たいてい昔の番組などを見ると、どうしても時代の壁が厚く、「面白い」と思っているものに古さを感じてしまい、純粋に笑えなかったりします。しかし、30年前のものは古すぎて笑えないのに、10年くらい前のものだと単純に笑えてしまうのは、その頃のバラエティー番組が、いまほど規制や締め付けるものもなく、自由を謳歌していたからではないでしょうか。ただ、くだらないことだけを追求でした。ただ、面白いと思うことだけに邁進できた。いまはどうしても、これをやったらまずいかな、これをやって大丈夫かなと、石橋を叩きながら放送している雰囲気がどこかにでてしまって、心から笑えなくなっています。

 あの頃は、自由で大胆で、勢いがありました。同時に、視聴者を信用していました。番組と視聴者の間にしっかりと、信頼関係がありました。それがいつのまにか信頼関係は崩れ、視聴者は粗探しをはじめ、まるで監視するような目線さえ入り込んでしまいました。その結果、どこか萎縮した、行儀のいい、おとなしい番組ばかりが増えてしまいました。視聴者としても物足りなくなり、だから、冒頭の不思議な現象が起きてします。「あの頃 」が、輝いてしまう。 番組側にも、どこか傲慢な部分もあったり、視聴者を馬鹿にするようなことがあったのだから、自業自得といえばそれまでですが、いざ信頼を取り戻すとなると大変です。もう一度、テレビの前に集まってもらう。テレビに期待してもらう。これはいままで以上の情熱やエネルギーが必要となるでしょう。いつまでものけぞっていたり、時代のせいにしていては、人は離れていくばかり。こんな時代だからこそ、こんな時代を利用する必要があるでしょう。時代のニーズに応える。

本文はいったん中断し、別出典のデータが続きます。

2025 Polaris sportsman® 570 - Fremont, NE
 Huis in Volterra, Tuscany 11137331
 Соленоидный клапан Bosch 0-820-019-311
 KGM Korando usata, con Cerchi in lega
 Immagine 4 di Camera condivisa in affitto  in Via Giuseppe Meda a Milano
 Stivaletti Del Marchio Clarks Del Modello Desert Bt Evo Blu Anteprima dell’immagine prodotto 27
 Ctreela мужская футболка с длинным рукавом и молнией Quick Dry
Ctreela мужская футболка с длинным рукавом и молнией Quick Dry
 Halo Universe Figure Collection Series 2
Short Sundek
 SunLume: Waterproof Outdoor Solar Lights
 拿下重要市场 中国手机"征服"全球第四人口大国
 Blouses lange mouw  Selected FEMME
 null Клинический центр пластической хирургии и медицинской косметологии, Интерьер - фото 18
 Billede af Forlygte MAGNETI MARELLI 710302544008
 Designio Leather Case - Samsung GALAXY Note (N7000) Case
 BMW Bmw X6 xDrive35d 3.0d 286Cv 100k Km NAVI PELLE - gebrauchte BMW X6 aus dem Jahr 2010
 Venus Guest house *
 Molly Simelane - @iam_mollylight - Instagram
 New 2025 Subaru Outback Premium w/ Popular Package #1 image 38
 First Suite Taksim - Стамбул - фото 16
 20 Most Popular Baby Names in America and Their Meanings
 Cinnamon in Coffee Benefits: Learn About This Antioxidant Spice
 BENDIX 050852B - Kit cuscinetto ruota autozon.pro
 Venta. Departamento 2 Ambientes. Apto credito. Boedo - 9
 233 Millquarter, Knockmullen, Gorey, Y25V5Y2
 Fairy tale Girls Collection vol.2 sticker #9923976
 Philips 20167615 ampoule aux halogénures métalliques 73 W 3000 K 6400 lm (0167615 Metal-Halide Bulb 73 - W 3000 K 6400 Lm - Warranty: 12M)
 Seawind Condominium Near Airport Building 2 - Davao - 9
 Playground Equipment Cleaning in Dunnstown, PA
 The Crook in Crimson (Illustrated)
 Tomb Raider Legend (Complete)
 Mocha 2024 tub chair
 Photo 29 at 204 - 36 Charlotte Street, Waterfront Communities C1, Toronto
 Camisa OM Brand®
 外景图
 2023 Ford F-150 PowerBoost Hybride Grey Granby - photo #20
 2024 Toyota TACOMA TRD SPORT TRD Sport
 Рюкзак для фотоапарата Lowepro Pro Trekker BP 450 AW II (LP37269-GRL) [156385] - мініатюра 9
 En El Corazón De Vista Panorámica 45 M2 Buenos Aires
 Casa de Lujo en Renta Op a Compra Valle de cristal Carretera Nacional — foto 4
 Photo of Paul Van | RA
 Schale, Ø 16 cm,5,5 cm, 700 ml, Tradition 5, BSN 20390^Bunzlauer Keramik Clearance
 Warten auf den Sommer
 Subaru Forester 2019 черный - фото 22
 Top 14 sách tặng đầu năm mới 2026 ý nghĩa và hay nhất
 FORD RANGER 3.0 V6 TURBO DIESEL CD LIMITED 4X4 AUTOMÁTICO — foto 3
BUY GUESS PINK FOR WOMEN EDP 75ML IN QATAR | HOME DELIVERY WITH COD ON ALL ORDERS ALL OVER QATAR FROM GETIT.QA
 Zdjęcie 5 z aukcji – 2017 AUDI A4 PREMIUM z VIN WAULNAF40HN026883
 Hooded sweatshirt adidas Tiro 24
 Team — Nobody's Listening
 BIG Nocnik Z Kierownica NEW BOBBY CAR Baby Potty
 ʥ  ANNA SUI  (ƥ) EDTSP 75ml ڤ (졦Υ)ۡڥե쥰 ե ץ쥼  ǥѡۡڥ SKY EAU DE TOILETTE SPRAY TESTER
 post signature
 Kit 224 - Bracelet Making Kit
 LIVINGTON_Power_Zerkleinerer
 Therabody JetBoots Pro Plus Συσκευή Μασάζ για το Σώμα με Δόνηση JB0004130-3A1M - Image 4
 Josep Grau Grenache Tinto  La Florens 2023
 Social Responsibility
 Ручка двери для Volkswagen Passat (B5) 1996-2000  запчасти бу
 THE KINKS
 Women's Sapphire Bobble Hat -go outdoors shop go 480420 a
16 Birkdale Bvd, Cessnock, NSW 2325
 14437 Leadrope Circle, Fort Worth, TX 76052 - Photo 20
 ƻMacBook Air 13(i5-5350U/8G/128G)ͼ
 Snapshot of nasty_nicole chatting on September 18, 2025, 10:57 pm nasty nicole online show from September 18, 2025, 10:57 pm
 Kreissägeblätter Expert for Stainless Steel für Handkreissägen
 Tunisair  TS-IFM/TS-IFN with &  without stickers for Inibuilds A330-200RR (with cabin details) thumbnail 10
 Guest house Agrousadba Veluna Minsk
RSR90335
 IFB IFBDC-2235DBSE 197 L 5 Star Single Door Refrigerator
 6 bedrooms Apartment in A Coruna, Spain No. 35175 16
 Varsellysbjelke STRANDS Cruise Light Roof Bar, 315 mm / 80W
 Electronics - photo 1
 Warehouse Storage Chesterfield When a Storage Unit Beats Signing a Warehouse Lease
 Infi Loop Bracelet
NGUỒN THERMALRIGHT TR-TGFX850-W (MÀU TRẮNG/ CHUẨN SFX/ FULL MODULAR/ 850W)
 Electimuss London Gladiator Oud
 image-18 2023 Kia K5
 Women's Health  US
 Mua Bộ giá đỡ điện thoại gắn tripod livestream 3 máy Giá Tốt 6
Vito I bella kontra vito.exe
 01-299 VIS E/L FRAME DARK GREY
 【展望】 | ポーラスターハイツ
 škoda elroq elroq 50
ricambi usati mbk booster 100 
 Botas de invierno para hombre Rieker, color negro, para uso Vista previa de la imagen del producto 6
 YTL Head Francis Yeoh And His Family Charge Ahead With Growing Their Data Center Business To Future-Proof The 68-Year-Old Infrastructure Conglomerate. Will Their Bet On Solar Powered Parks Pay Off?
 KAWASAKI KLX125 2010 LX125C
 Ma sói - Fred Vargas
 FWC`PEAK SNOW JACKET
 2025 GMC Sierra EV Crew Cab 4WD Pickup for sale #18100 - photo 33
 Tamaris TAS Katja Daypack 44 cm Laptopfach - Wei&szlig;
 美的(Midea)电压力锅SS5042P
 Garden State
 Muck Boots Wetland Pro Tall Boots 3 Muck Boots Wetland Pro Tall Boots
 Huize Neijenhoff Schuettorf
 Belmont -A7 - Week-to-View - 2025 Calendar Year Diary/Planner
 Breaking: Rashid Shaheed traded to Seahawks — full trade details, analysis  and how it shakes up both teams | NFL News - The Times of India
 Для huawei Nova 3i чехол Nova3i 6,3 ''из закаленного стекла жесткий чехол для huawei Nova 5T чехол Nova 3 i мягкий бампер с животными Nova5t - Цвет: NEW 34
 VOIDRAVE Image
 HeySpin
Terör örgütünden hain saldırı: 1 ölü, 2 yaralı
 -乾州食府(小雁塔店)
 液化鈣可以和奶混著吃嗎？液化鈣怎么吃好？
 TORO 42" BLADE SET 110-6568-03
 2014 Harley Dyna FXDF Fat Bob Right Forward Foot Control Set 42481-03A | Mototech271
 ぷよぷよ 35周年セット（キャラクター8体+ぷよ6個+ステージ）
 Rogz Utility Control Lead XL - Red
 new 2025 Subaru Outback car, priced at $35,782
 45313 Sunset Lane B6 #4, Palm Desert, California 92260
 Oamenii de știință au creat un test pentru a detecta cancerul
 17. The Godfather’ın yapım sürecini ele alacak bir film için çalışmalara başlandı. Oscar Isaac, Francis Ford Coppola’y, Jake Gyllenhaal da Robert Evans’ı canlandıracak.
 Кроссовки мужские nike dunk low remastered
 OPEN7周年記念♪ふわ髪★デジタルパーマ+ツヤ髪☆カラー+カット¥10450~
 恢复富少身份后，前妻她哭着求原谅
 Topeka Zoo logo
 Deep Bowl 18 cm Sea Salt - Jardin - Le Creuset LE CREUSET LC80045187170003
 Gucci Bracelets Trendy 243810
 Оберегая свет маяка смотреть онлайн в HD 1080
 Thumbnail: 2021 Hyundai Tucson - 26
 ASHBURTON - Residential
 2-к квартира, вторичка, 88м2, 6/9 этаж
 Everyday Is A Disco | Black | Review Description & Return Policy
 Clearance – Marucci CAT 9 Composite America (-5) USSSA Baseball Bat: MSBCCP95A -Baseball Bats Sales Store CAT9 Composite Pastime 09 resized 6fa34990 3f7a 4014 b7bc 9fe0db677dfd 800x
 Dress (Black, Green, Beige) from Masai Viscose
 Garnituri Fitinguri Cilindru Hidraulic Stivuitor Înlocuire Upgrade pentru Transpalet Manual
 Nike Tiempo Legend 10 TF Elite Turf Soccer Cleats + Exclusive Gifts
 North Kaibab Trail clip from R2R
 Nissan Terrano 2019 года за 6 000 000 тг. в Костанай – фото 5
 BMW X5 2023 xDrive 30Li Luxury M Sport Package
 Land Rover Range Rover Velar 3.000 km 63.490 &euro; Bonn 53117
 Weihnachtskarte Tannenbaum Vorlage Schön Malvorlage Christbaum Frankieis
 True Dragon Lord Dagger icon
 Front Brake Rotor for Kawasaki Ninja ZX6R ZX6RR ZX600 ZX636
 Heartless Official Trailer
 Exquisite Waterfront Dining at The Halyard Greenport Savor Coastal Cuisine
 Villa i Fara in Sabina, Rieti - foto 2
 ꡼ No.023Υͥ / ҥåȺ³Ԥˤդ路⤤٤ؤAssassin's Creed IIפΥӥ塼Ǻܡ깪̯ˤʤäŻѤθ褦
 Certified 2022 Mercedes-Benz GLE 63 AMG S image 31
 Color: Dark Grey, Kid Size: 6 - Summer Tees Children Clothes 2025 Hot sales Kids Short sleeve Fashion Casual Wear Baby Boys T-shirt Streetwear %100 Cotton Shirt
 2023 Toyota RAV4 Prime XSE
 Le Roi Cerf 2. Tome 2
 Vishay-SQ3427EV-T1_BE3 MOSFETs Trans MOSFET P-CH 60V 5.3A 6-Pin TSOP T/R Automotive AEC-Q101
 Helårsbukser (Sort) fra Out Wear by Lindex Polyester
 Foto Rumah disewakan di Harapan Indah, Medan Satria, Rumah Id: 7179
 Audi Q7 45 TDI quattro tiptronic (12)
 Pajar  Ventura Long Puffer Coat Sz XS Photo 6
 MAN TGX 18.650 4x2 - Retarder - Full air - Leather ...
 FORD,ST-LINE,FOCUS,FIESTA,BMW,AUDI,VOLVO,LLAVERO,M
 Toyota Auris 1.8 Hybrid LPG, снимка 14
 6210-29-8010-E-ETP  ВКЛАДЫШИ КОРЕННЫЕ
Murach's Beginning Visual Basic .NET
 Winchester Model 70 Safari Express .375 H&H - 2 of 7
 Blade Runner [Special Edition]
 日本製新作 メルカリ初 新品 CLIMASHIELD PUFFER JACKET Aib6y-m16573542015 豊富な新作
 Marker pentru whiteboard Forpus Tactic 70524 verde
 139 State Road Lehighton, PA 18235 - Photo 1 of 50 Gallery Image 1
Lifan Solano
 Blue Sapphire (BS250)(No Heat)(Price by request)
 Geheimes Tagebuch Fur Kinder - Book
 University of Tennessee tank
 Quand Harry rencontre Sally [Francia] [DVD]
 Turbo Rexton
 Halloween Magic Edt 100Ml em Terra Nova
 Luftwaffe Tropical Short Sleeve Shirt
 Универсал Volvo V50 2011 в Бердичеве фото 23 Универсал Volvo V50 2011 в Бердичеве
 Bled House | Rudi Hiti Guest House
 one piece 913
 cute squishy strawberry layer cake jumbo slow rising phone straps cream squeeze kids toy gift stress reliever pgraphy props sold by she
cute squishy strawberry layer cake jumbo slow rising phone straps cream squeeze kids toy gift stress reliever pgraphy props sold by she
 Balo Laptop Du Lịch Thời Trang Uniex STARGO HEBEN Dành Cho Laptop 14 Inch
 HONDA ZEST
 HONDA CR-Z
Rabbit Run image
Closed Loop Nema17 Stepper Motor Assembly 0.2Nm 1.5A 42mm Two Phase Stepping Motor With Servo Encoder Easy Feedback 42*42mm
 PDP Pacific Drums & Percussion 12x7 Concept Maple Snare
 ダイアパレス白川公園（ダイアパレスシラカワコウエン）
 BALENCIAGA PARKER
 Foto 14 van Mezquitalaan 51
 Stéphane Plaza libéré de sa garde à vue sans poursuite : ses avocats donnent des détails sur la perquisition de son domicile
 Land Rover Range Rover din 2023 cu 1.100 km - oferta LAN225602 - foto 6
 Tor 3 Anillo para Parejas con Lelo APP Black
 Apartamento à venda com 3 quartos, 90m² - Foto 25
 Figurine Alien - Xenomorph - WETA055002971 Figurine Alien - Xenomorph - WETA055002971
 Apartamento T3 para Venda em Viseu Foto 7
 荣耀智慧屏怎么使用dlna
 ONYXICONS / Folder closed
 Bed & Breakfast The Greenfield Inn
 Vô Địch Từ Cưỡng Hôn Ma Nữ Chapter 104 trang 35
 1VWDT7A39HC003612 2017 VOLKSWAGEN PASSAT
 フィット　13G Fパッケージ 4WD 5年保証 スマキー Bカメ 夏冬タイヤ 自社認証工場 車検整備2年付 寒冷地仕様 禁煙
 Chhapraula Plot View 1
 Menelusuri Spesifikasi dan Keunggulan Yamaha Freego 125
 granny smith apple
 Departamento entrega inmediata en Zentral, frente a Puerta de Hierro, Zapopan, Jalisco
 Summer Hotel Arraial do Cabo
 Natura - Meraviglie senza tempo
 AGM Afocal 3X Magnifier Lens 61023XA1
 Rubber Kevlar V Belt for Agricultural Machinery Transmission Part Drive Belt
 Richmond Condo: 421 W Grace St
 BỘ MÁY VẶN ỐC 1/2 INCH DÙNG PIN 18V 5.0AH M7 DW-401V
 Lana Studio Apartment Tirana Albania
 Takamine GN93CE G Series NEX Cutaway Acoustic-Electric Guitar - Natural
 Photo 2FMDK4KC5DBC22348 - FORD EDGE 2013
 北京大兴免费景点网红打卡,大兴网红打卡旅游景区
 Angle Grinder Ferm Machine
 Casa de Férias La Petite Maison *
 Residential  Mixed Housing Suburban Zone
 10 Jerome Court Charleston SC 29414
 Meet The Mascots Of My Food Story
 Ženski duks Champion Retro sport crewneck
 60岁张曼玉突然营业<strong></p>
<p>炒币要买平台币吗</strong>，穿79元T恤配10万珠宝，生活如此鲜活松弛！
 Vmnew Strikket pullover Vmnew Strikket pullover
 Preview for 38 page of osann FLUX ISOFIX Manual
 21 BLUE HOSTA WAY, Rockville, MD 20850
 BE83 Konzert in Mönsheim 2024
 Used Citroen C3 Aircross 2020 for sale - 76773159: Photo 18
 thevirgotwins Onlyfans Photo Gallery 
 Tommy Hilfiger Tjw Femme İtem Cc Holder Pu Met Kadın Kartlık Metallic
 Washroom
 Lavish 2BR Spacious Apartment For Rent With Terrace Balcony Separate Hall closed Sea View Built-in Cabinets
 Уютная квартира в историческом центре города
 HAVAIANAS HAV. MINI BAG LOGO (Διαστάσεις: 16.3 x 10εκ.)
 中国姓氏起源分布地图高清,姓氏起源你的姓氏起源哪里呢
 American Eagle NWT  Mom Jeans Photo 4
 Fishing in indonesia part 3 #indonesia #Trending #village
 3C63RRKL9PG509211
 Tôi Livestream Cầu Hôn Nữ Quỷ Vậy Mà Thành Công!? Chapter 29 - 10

ちなみに、「5時に夢中!」という番組は、そんな時代だからこそ輝いているわけで、10年前であれば、きっといまほど目立っていなかったでしょう。また、対照的なのが「ひるおび」という番組で、これはとても行儀がよくて、丁寧に作られています。どちらも、こんな時代だからこそ存在感のある番組ですが、このふたつは対極にあると言えます。

 このままだと、テレビが年配の人のもの、ネットが若者のもの、大きく二極化してしまいます。それは決して悪いことではありませんが、テレビのなかで起こることが、行儀のいいことばかり。薬になることばかり。アイロニーやペーソスといった表現がテレビのなかから消えてしまう。毒も、タレントが個人的にで引き受だけでは限界があります。だれにも咎められない番組を目指していたら、本当に毒にも薬にもならないものしか残らない。様々な価値観が存在すべき場所なのに、むしろ集団による言論統制が進んでしまう。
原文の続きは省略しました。